画像からも分かるようにスレーキは生成りのものになります.

スレーキには何やら数字が記載されていますが,それが何を意味しているかは分かりません.

サイドステッチはもちろん長めです.

歪んでます①

歪んでます②

歪んでます③

 

一般人(嫁)には理解してもらえないポイントです.縫製の歪んだ服のどこがいいのって言われます.

しかし僕はこの歪んだ縫製にしびれます(笑).

耳の太さも左右どころか同じ足でも太さが異なります.

耳はこんな感じ.

生地の処理も雑です.でもこれは50年代のXXでも時折みられますので大戦モデルに限ったことではありません.

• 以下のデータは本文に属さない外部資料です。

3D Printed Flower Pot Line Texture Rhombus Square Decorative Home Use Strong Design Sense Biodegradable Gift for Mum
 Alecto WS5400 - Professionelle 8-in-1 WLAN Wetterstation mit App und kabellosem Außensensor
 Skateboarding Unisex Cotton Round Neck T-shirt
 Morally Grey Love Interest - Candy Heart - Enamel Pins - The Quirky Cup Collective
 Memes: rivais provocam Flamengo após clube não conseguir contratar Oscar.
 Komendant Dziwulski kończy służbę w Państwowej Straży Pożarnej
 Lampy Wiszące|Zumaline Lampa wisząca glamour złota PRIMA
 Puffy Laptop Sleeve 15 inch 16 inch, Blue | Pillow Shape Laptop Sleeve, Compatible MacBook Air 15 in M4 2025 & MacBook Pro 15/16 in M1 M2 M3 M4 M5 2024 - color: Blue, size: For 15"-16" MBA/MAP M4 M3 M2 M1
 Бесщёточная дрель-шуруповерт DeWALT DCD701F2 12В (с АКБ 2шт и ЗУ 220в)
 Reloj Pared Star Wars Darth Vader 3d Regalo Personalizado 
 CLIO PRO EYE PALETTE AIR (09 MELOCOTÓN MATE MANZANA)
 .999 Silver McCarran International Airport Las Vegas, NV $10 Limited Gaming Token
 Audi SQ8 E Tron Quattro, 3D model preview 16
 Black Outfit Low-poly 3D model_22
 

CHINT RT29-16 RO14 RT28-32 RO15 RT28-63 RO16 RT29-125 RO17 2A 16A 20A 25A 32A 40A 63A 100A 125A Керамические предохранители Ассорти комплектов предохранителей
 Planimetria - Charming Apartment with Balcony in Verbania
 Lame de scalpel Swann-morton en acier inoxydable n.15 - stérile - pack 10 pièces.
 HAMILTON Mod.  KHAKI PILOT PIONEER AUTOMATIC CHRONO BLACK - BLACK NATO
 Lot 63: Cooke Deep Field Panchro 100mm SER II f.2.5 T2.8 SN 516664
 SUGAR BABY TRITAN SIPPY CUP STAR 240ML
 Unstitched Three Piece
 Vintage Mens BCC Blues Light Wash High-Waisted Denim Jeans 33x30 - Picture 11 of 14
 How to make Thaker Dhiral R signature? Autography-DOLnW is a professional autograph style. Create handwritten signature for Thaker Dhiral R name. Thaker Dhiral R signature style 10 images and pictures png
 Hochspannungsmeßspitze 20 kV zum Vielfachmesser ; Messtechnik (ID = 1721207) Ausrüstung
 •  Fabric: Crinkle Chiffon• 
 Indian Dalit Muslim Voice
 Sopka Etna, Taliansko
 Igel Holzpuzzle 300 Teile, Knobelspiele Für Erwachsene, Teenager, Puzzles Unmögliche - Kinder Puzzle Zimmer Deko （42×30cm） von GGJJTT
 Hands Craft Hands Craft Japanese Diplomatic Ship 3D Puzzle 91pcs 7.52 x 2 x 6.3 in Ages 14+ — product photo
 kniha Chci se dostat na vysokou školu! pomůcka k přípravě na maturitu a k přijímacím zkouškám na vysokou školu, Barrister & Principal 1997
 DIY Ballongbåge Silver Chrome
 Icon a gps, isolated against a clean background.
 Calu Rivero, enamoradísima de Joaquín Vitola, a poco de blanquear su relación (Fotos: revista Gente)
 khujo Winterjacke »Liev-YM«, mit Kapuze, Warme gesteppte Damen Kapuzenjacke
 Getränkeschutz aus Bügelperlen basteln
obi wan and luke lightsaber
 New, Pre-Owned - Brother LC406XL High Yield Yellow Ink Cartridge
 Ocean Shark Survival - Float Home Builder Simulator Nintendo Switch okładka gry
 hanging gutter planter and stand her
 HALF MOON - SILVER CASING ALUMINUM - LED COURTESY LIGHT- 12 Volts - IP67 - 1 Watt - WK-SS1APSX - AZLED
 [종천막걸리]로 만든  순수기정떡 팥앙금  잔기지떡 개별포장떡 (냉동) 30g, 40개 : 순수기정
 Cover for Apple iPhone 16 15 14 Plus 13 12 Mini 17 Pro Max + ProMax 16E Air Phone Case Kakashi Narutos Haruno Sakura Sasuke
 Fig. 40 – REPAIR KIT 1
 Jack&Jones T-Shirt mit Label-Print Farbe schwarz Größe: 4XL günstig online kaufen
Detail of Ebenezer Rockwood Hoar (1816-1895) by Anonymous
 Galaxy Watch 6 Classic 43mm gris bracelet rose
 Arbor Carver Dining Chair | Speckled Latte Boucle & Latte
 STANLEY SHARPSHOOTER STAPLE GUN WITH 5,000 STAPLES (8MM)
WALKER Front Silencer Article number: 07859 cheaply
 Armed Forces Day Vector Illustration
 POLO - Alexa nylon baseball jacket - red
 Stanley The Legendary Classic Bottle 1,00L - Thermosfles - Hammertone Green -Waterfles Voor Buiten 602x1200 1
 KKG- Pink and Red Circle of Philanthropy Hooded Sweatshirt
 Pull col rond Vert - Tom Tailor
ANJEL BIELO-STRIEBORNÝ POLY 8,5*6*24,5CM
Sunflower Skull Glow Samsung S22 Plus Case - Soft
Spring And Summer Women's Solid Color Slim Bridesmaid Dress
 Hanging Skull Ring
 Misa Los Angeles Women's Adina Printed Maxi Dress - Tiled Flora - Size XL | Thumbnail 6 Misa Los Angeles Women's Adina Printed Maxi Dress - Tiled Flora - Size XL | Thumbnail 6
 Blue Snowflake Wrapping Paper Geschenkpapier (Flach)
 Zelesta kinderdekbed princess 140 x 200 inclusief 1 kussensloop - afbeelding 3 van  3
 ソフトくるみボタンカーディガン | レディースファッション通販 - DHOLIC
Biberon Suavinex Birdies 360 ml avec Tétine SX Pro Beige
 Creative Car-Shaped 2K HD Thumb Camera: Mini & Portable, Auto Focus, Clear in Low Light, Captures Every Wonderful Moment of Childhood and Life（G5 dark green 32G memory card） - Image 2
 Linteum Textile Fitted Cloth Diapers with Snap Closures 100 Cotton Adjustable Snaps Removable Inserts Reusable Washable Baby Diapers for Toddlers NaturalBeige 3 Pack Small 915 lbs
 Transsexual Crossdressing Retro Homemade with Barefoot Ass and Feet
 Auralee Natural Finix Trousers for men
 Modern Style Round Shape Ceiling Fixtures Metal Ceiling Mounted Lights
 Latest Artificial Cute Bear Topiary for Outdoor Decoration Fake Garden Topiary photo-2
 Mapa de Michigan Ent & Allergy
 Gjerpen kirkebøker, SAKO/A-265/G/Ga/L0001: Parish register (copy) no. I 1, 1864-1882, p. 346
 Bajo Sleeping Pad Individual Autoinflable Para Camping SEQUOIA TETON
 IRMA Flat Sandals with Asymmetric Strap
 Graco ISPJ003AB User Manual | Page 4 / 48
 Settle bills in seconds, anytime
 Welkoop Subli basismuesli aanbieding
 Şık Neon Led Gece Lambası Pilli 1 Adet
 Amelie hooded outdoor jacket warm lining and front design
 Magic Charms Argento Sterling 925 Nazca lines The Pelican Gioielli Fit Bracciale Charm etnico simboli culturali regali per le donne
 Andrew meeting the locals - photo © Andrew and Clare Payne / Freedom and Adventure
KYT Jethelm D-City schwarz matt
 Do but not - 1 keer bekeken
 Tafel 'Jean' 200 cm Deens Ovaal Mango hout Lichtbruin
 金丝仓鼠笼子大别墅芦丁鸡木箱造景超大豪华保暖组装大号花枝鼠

レプリカでは絶対にみられないですね.こんな雑なつくり.レプリカと本物を見分けるのは雑か否かってところを見るのもポイントかと(特にLee!).

 

色落ちにメリハリはありませんが,生地のざらつき具合や色落ちした箇所の荒々しさは流石です.

 

穿くために購入しておりますので・・・

コレクションではなく穿きます!

よってためらうことなくビヨンデックスで洗濯です.

※背景のデニムは大戦モデルではありません!

ご覧の通りデニムの青は落とさず汚れやらなんやらを落としてくれました.

実際に着用するとこんな感じです.ジャストですわ.こんなんに出会ってしまったらもう購入するしかないです.なんだかんだでサイズが小さいこともあり,多少ダメージはあるもののノーリペアの大戦モデルが一昔前の需要があるサイズくらいの値段で買えましたから.

 

おわりに

憧れの大戦モデルをついに購入しました.アメリカの空気を感じつつ大切にしようと思います.僕が死んでもこれは棺桶に入れずに売り払いなさいと家族にはすでに伝えてあります(笑).

いつか大戦・片面・レザーパッチ・ギャラなしのジーンズを比較しようと思いますので気長にお待ちください.ギャラありは所有していないのでご了承ください.